Input data
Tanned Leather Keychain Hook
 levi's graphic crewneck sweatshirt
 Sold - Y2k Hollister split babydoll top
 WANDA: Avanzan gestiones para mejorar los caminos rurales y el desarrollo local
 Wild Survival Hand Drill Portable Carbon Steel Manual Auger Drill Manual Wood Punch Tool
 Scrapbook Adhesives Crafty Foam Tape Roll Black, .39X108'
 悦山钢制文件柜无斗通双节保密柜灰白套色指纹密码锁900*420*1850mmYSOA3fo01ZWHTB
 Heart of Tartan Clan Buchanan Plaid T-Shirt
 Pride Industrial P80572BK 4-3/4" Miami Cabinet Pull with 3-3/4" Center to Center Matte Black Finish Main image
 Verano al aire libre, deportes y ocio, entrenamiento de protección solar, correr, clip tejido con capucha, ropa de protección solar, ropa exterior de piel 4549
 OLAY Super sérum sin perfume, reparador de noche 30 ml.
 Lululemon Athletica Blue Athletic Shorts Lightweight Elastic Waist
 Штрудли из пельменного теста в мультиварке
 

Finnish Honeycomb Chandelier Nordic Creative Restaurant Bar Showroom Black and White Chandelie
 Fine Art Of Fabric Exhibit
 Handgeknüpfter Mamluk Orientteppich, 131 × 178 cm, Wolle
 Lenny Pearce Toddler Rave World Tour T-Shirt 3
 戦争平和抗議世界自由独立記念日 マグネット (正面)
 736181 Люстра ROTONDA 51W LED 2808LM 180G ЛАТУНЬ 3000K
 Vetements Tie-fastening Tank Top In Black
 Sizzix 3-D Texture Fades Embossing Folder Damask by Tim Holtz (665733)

Aim of the task
The response should consist only of the lines from the one containing "Finnish Honeycomb Chandelier" to the end of the material above, both included.

Exercise solution
Finnish Honeycomb Chandelier Nordic Creative Restaurant Bar Showroom Black and White Chandelie
 Fine Art Of Fabric Exhibit
 Handgeknüpfter Mamluk Orientteppich, 131 × 178 cm, Wolle
 Lenny Pearce Toddler Rave World Tour T-Shirt 3
 戦争平和抗議世界自由独立記念日 マグネット (正面)
 736181 Люстра ROTONDA 51W LED 2808LM 180G ЛАТУНЬ 3000K
 Vetements Tie-fastening Tank Top In Black
 Sizzix 3-D Texture Fades Embossing Folder Damask by Tim Holtz (665733)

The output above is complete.